There are several nontraditional, independent accounting offices as well that offer CFO and other expanded consulting. Paul Miller, president and founder of Edina-based Business by Design, is not a certified public accountant but instead calls himself an entrepreneur.

While the idea of outsourced CFO services has been around for years, more companies are looking for advice for more complicated tasks such as mergers and acquisitions Click To Tweet

Miller’s accounting and bookkeeping team offers a range of business advisory services that would normally fall under a CFO’s role.
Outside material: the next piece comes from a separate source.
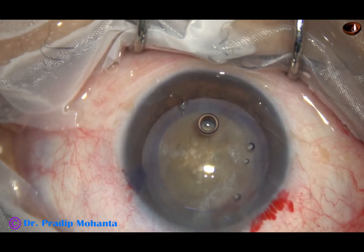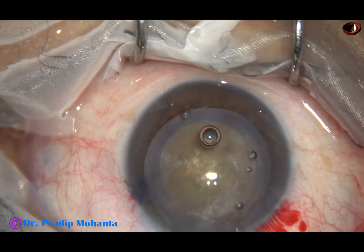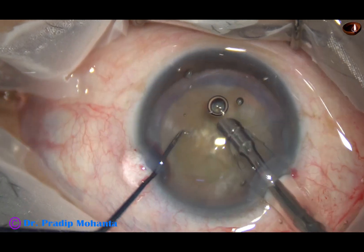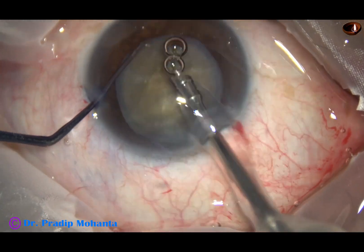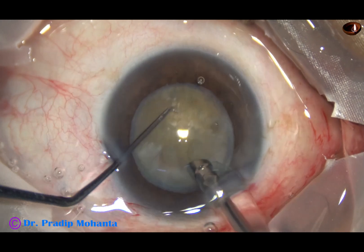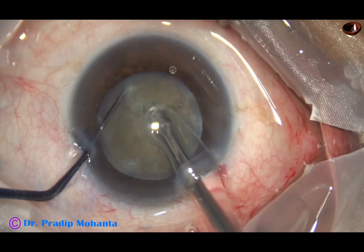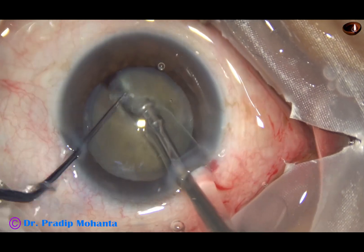Now the nucleus is to be divided into some fragments. The best and quick way to do this is to hold the nuclear mass with very high vacuum and chop it. I bury the tip into the substance of the nucleus, occlude the tip completely, and get a nice crack.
However, if potential customers went to his office and asked for just tax-preparation help, he would tell them they were in the wrong place, he said.

“The transition for a lot of firms has been we really need to do a lot of advisory things because a client devalues things like a tax return,” Miller said.

During a time when some of the conventional functions of accountants such as taxes and payroll can sometimes easily be done with the help of software, accounting firms have to try to differentiate themselves, said Jon Baron, managing director of the professional segment, tax and accounting business for Thomson Reuters.

“When you think about accountants, they just have such a broad-based knowledge of many different businesses,” said Baron, who wrote a blog post earlier this spring on how accounting firms can capitalize on the outsourced CFO trend. “They can start doing more and more of that type of consulting.”

A part-time CFO may not always be the answer for every business, said Heide Olson, founder and chief executive of All In One Accounting, a company in Eagan that offers outsourced CFOs as well as controllers and bookkeepers. If a business pays for a part-time CFO for 80 hours a month, for example, it probably would be better off with a full-time, internal person that can help it with its growth, Olson said.

Still, a part-time adviser can make a lot of sense for many businesses, she said. Olson suggested for potential clients to look for part-time CFOs with relevant company size and industry experience and who will be hands-on.

“My advice for any entrepreneur is to focus on your strengths and what you are passionate about and figure out how to outsource the rest,” Olson said.